**Data supplied**
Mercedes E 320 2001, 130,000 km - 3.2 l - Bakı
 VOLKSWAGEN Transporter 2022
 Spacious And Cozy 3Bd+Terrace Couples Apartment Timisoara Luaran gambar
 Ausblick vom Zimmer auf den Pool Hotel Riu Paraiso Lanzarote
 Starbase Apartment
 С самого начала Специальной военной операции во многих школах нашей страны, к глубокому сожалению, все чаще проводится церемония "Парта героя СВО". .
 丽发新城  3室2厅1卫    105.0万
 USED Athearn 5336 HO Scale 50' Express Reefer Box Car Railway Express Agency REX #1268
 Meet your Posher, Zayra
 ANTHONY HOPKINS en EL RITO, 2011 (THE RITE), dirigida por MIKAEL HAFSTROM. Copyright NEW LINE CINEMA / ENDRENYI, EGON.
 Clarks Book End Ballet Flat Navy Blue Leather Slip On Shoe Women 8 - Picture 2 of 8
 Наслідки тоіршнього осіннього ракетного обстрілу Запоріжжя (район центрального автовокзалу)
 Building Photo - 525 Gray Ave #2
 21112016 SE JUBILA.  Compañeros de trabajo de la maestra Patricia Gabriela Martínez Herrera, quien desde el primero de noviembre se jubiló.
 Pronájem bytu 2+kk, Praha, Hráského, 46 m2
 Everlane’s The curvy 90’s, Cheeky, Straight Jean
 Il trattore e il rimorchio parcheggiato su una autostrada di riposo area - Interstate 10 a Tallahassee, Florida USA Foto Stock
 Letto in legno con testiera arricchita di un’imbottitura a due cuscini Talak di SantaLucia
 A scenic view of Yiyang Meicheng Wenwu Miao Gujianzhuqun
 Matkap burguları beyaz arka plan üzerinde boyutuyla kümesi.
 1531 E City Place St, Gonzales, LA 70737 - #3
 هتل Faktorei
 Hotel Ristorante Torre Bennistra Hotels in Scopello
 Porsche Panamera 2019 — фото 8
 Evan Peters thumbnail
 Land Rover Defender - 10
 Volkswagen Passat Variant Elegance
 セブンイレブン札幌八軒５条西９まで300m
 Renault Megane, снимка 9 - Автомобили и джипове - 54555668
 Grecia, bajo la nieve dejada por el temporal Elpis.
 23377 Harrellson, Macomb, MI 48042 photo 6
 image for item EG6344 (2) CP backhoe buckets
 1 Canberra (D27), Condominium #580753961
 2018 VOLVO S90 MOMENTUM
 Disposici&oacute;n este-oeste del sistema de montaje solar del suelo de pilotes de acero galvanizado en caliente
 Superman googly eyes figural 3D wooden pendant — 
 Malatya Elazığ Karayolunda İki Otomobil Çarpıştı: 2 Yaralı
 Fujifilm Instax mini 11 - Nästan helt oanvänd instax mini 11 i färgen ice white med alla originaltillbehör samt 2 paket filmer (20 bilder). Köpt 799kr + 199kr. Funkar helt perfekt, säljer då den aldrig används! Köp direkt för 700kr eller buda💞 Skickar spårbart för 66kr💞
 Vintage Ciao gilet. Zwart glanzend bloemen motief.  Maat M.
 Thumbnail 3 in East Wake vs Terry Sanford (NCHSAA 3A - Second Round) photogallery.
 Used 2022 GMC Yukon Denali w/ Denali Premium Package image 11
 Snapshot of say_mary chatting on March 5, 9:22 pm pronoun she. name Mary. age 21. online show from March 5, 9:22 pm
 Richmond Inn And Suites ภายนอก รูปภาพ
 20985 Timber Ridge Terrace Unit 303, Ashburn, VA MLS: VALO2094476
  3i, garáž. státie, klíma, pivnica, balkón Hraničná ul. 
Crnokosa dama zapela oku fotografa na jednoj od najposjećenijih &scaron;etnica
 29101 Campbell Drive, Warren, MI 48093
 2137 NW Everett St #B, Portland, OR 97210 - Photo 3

**Work instructions**
Among the records above, extract exactly the lines from the line with "С самого начала" to the line with "Meet your Posher, Zayra", both lines included, and leave out the rest.

**Written solution**
 С самого начала Специальной военной операции во многих школах нашей страны, к глубокому сожалению, все чаще проводится церемония "Парта героя СВО". .
 丽发新城  3室2厅1卫    105.0万
 USED Athearn 5336 HO Scale 50' Express Reefer Box Car Railway Express Agency REX #1268
 Meet your Posher, Zayra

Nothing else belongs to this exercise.